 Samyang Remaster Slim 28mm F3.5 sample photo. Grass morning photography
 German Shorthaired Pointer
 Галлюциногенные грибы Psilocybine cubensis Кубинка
-=-=-
WHAT YOU ARE ASKED TO DO: Nothing but the lines from the one with "German Shorthaired Pointer" through the last line of the data should appear; print them exactly.

SOLUTION FOR THIS EXERCISE:
 German Shorthaired Pointer
 Галлюциногенные грибы Psilocybine cubensis Кубинка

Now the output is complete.